Comment définir la spoliation de propriétaires d'oeuvres d'art par les nazis? Une polémique qui refait surface en Suisse avec la publication cette semaine d'un livre "Schwarzbuch Buehrle" ("Le livre noir de Buehrle") qui questionne les origines de la prestigieuse collection de peinture européenne de E.G. Buehrle.
L'industriel zurichois d'origine allemande Emil Georg Buehrle (1890-1956), qui fit fortune dans l'armement pendant la Seconde guerre mondiale, a constitué l'une des plus importantes collections privées de peinture européenne, riche en oeuvres d'impressionnistes français et d'autres artistes du 19e siècle, eux-mêmes précurseurs ou contemporains du courant impressionniste.
Emil Buehrle a procédé à la majeure partie de ses acquisitions entre 1951 et 1956.
En 1960, la famille du collectionneur a créé une fondation réunissant une sélection représentative de quelques 200 peintures et sculptures qu'elle a ouverte au public, dans une villa voisine de celle où demeurait l'industriel.
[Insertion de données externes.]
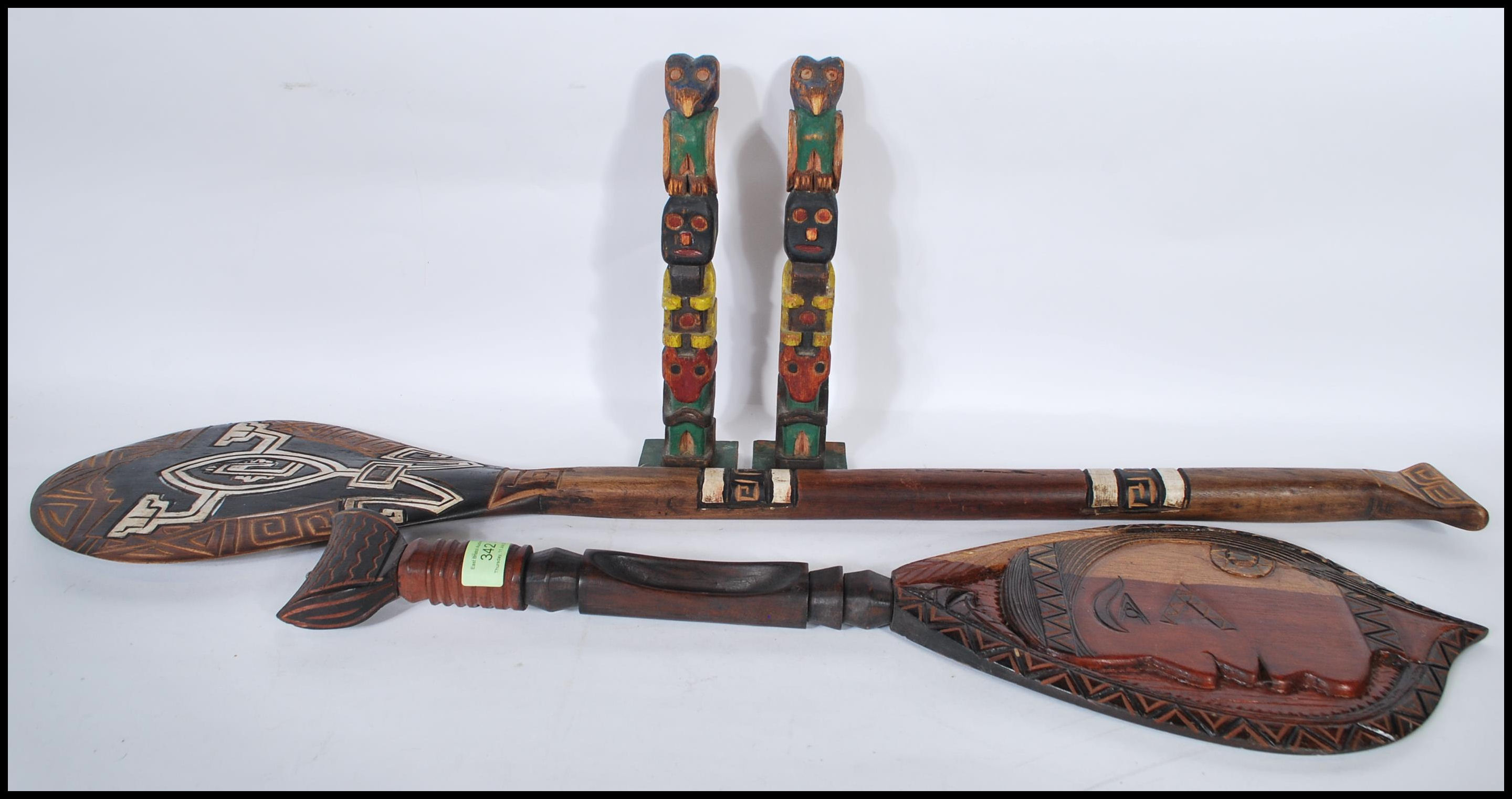 A collection of 20th Century possibly Polynesian ceremonial tribal items to include two non matching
C'est dans cette villa -musée, qu'un hold-up spectaculaire avait eu lieu en 2008, avec quatre oeuvres majeures dérobées en 10 minutes par trois malfrats armés et cagoulés.
Dès 2020, selon les termes d'un contrat de prêt à long terme signé entre la fondation et la société zurichoise des beaux-arts, la collection de renommée internationale sera exposée dans l'extension du Kunsthaus Zurich conçue par l'architecte star anglais David Chipperfield.
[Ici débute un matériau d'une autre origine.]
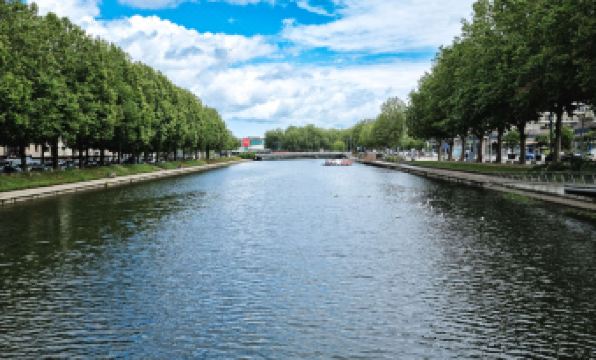 a serene river with trees lining both sides , and people walking on the other side of the river at Ibis Styles Caen Centre Gare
Le Kunsthaus deviendra ainsi l'endroit où l'on admirera le plus important ensemble de peintures de l'impressionnisme français en Europe ? après Paris, explique le musée suisse qui accueille déjà plusieurs centaines de milliers de visiteurs chaque année.
"La ville de Zurich et le Kunsthaus doivent faire très attention à la façon dont ils gèrent cette collection car la réputation de la ville pourrait en prendre un coup", a expliqué à l'AFP l'un des auteurs du livre, Thomas Buomberger.
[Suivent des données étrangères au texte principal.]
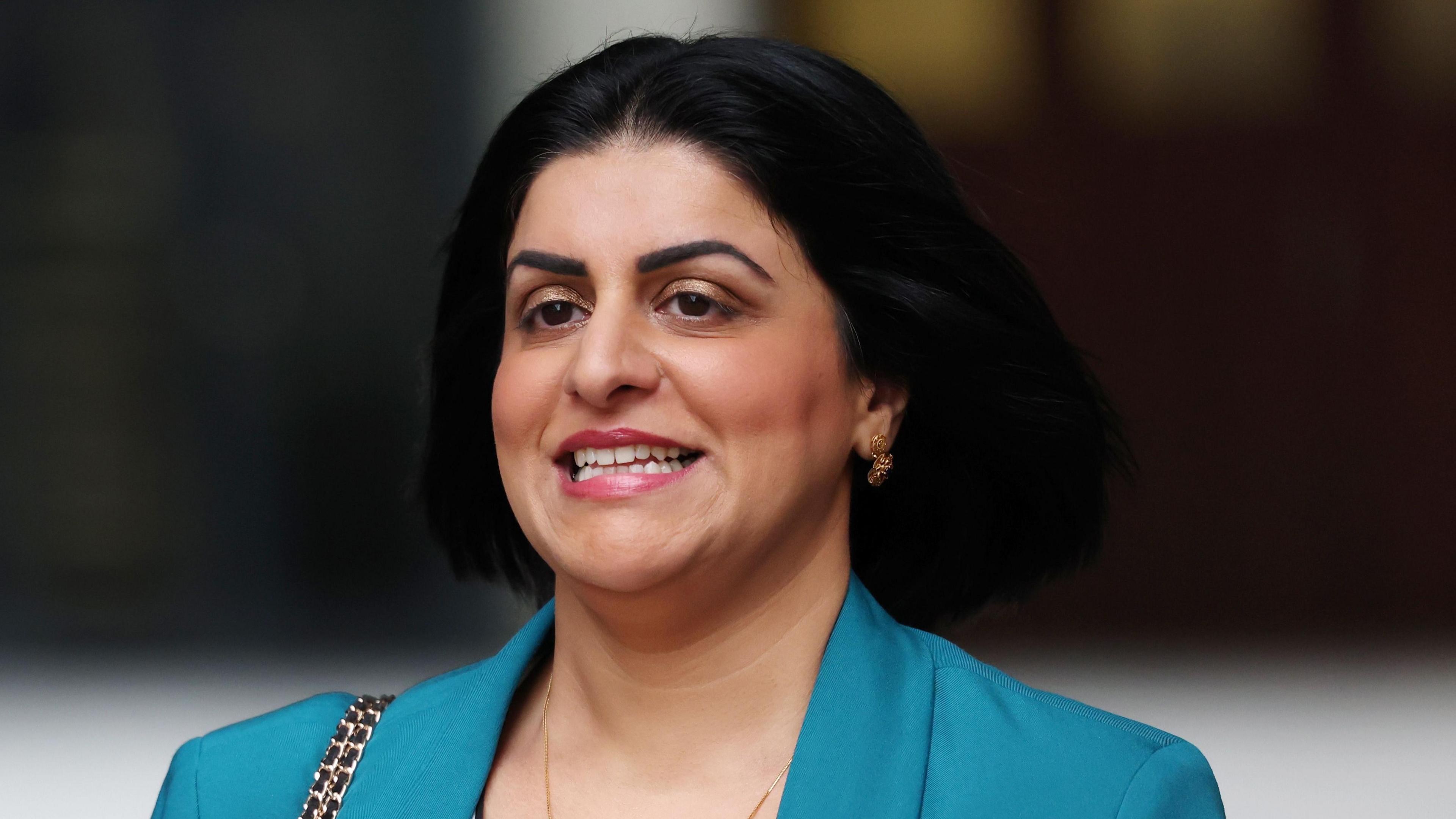 A woman with shoulder-length black hair is pictured wearing a bright blue blazer with short gold earrings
D'autant que le musée de Zurich reçoit des fonds de la ville, comme le souligne l'historien de l'art qui a consacré deux années de sa vie à examiner sous toutes les coutures la collection Buehrle.
De son côté, la fondation Buehrle reconnaît que l'industriel a acquis une centaine d'oeuvres d'art pendant les années de guerre, dont 13 se sont avérées après-guerre être des pièces volées à leurs propriétaires juifs par les services allemands en France occupée. Les procès liés à leur restitution ont suscité une grande attention, mais Buehrle est parvenu à l'issue de ceux-ci à racheter neuf de ces oeuvres.
Mais pour Thomas Buomberger, la notion de spoliation devrait s'appliquer à "toutes les transactions qui n'auraient pu être conclues si les nazis n'avaient pas été au pouvoir, ce qui inclut les oeuvres vendues en Suisse par des Juifs qui étaient forcés de fuir".
Accepter une telle définition reviendrait à dire qu'une bonne partie de la collection de Buehrle a des origines douteuses, d'après M. Buomberger.
Une proposition balayée par le porte-parole du Kunsthaus de Zurich, Bjoern Quellenberg, pour qui les oeuvres acquises en période de troubles "ne peuvent pas être considérées comme de l'art spolié".
Plusieurs oeuvres mondialement connues appartiennent à la collection E.G. Buehrle, par exemple le "Semeur au soleil couchant" de Van Gogh, "La Petite Irène" de Renoir, le "Champ de coquelicots près de Vétheuil" de Monet, "Le Garçon au gilet rouge" de Cézanne et "L'Italienne" de Picasso. Figurent aussi parmi les plus grands artistes représentés Chagall, Ingres, Delacroix, Manet, Degas, Gauguin, Signac, Courbet, Toulouse-Lautrec et Braque.